在所提出的 cluster ESPRIT演算法中，我們利用了濾波分群的技巧克服了傳統上當多個目標物其具有相同的距離(或角度)以及接收天線根數少於目標物個數情況下無法解析的問題。另外， 因所提出的演算法每一目標物之參數估測階段均利用一維ESPRIT演算法，因此可大幅降低計算的複雜度。此外，所提出的演算法在無需增加運算量下即可達到同目標物其距離及其相應角度的自動配對。

我們藉由電腦數值模擬及實際場測以驗證所發展的高效率演算法，與其他文獻所提供的方法相較，結果顯示所發展的演算法在估量準確度及複雜度間取得較好的平衡點，且在不同的模擬/實測場景下均能獲致較佳的性能。
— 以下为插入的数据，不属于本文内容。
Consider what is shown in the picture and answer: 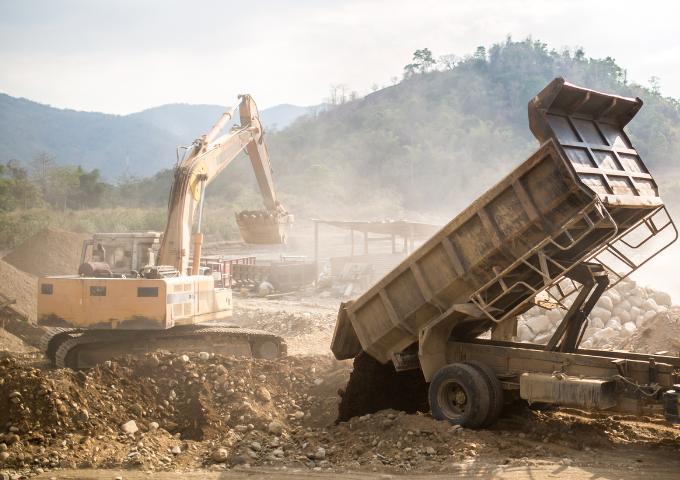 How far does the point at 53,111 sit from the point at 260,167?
686 ft

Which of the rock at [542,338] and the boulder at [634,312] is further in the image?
the boulder at [634,312]

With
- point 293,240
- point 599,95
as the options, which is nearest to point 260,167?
point 599,95

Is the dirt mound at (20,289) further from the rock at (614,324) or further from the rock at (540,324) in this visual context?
the rock at (614,324)

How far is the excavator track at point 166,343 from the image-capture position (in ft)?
30.0

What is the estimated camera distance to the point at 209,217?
52375 millimetres

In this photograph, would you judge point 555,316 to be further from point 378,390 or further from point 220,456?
point 220,456

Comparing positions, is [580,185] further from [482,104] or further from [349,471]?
[482,104]

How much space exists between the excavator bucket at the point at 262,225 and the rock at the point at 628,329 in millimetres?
7473

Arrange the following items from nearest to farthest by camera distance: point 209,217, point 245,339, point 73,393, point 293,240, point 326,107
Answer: point 73,393
point 245,339
point 293,240
point 209,217
point 326,107

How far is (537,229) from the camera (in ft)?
17.1

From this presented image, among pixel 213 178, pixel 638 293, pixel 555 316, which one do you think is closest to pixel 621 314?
pixel 638 293

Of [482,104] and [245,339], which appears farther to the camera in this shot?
[482,104]

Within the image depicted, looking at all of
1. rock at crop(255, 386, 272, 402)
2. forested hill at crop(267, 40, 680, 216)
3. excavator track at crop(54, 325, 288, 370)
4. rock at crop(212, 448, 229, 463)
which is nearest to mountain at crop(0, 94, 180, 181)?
forested hill at crop(267, 40, 680, 216)

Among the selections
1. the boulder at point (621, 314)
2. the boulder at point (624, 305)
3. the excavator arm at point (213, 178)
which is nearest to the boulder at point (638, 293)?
the boulder at point (624, 305) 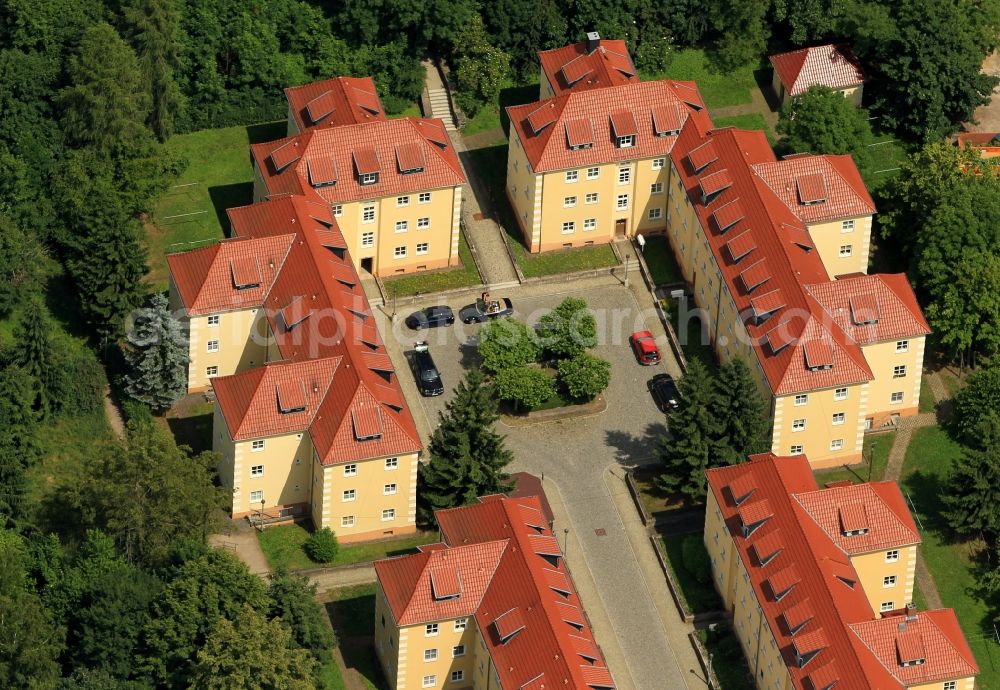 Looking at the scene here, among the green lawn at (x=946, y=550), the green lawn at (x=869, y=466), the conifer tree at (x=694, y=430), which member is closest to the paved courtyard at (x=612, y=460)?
the conifer tree at (x=694, y=430)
In this dissertation, we consider a simple, yet accurate approach for joint angle and range estimation of multiple targets in the frequency-modulated continuous-wave (FMCW) radar systems. Our new algorithm starts with the estimation of time delays and ranges by establishing a Hankel matrix based on the received signals. The estimation of signal parameter via rotational invariance techniques (ESPRIT)is then utilized for delay and range estimation. Afterward, according to the estimated time delays, we develop a group of filters to divide the received signals into different clusters. Finally, ESPRIT is invoked again to estimate the angles of the targets in each cluster. With such a signal clustering process, the parameter estimation accuracy can be boosted %with the mitigation of noise
and the complexity can be reduced as now the eigenvalue decomposition
(EVD) is with respect to smaller matrices. Additionally, the new algorithm possesses some advantageous features. First, the number of the receive antennas could be less than that of the targets, as the number of targets is fewer in each cluster after the clustering process. Second, it is still applicable even when some targets are located at the same ranges or angles. Third,
the estimated ranges and angles are automatically paired
together without extra efforts. Both of the numerical simulations and practical experiments are conducted to demonstrate the superiority of our algorithm over the state-of-the-art works in terms of accuracy in various scenarios.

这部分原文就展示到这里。